In any parallel program, the general idea is to have multiple threads of execution so that you can break up your problem and have each thread handle one part. These multiple threads need to be able to communicate with each other as your program runs. In a shared-memory program, this communication happens through the use of global variables stored in the global memory of the computer running the code. This means that communication between the various threads is extremely fast, as it happens at the speed of local memory (RAM) access. The drawback is that your program will be limited to a single physical machine (compute node of HPC network), since all threads need to be able to see the same RAM.

OpenMP is one way of writing shared-memory parallel programs. OpenMP is a specification, which has been implemented by many vendors.

The OpenMP effort began in 1996 when Accelerated Strategic Computing Initiative of the DOE brought together a handful of computer vendors including HP, IBM, Intel, SGI and DEC to create a portable API for shared memory computers. Vendors do not typically work well together unless an outside force encourages cooperation. So this committee communicated that DOE would only purchase systems with a portable API for shared memory programming.

The current OpenMP v.5.1 specification is 600+ pages long, but you need to know only a very small fraction of it to be able to use it in your code.

OpenMP standard describes extensions to a C/C++ or FORTRAN compiler. OpenMP libraries are built into a compiler, and this means that you need use a compiler that supports OpenMP. There are different OpenMP implementations (compilers) and not all sections of OpenMP specifications are equally supported by all compilers. It is up to programmers to investigate the compiler they want to use and see if it supports the parts of OpenMP specification that they wish to use. Luckily, the vast majority of OpenMP behaves the way you expect it to with most modern compilers. When possible, we will try and highlight any odd behaviors. All commonly used compilers such as gcc, clang, Intel, Nvidia HPC, and Absoft support OpenMP.

View OpenMP specifications
View Full List of Compilers supporting OpenMP
For an overview of the past, present and future of the OpenMP read the paper “The Ongoing Evolution of OpenMP”.

OpenMP Execution Model

The philosophy of OpenMP is to not sacrifice ease of coding and maintenance in the name of performance.

Compiling OpenMP programs

Since OpenMP is meant to be used with either C/C++ or FORTRAN, you will need to know how to work with at least one of these languages. This workshop will use C as the language for the examples. Before we start using a compiler let’s load the most recent environment module:

module load StdEnv/2020

You don’t need to run this command on the real CC clusters because StdEnv/2020 is the default, but we need to run it on the training cluster.
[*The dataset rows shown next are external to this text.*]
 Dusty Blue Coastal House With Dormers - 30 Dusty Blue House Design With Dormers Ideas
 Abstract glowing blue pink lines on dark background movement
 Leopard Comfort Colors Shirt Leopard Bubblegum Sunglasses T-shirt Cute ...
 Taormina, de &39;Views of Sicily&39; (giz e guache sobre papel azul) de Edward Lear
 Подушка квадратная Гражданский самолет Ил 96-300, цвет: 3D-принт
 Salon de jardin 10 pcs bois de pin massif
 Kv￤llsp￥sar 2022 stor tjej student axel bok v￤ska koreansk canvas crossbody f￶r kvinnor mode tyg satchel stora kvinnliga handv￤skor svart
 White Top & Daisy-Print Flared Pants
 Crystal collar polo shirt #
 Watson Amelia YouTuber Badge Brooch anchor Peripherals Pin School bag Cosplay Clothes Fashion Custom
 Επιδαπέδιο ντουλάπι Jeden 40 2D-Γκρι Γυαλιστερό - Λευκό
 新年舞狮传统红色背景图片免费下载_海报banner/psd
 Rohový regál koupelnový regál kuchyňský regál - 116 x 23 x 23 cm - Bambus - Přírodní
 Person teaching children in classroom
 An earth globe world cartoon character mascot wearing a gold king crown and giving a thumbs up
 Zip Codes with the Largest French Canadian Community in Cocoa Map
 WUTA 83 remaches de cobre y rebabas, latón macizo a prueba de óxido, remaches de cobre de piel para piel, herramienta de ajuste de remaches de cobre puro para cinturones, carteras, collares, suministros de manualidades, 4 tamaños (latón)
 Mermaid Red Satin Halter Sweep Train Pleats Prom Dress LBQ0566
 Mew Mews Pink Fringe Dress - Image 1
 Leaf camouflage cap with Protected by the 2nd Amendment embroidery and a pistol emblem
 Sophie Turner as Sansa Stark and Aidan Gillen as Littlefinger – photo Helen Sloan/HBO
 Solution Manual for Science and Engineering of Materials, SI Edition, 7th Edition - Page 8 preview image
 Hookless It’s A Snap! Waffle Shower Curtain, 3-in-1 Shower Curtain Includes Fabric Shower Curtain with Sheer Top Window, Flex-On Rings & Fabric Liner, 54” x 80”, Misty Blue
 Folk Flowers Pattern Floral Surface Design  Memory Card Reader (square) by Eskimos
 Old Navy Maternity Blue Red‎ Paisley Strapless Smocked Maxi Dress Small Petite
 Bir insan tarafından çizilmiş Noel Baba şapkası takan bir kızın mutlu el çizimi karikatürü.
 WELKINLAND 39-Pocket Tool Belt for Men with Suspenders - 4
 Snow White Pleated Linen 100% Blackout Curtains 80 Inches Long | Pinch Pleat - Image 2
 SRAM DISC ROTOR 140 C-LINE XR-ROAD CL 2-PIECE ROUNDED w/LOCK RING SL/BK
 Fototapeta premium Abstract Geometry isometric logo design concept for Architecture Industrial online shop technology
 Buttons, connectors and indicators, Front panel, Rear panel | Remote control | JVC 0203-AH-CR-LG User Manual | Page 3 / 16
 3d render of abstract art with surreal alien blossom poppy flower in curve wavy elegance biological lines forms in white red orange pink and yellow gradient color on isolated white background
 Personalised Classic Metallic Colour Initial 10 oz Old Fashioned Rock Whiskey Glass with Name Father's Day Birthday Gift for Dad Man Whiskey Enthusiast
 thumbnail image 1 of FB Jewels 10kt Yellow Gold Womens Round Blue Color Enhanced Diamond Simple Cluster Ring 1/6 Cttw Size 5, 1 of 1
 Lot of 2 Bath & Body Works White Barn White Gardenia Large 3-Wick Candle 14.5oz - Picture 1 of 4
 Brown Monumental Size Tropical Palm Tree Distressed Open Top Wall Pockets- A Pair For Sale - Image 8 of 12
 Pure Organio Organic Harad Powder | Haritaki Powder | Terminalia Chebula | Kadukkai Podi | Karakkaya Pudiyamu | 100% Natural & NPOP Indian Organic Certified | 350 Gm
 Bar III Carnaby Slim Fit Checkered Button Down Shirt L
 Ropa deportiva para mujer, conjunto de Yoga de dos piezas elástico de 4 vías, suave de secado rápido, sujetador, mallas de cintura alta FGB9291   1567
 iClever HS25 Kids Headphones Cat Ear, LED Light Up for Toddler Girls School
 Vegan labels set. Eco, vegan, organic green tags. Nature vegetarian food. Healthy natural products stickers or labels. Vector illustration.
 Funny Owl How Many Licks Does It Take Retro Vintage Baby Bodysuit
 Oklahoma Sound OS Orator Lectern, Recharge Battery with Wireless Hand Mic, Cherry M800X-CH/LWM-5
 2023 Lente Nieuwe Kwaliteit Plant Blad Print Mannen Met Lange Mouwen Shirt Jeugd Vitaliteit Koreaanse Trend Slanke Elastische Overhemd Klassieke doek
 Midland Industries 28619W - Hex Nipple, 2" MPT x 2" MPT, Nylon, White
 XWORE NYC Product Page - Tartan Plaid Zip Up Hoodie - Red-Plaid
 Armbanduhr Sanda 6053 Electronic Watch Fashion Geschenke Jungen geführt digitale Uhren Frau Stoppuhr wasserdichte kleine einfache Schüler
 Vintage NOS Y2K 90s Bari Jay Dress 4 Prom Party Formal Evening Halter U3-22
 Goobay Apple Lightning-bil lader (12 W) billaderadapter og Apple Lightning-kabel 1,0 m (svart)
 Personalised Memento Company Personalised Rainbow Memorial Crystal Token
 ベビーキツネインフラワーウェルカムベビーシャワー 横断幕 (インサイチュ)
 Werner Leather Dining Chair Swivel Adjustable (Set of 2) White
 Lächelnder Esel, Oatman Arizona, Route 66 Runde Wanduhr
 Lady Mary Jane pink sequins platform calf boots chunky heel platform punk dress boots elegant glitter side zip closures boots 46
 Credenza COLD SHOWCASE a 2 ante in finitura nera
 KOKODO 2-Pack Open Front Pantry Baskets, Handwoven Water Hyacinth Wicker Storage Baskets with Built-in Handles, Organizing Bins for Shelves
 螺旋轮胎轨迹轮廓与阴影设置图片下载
As a reminder, a simple hello world program in C would look like the following.

Compiling C code

#include <stdio.h>
#include <stdlib.h>

int main(int argc, char **argv) {
  printf("Hello World\n");
}

In order to compile this code, you would need to use the following command:

gcc -o hello hello_world.c

This gives you an executable file “hello” that will print out the text “Hello World”. You run it with the command:

./hello
Hello World

If you don’t specify the output filename with the -o option compiler will use the default output name “a.out” (assembler output).

GCC on Compute Canada

Currently the default environment on the general purpose clusters (Beluga, Cedar, Graham) is StdEnv/2020. The default compilers available in this environment on Graham and Beluga are Intel/2020.1.217 and gcc/9.3.0. On Cedar the default compiler is gcc/8.4.0.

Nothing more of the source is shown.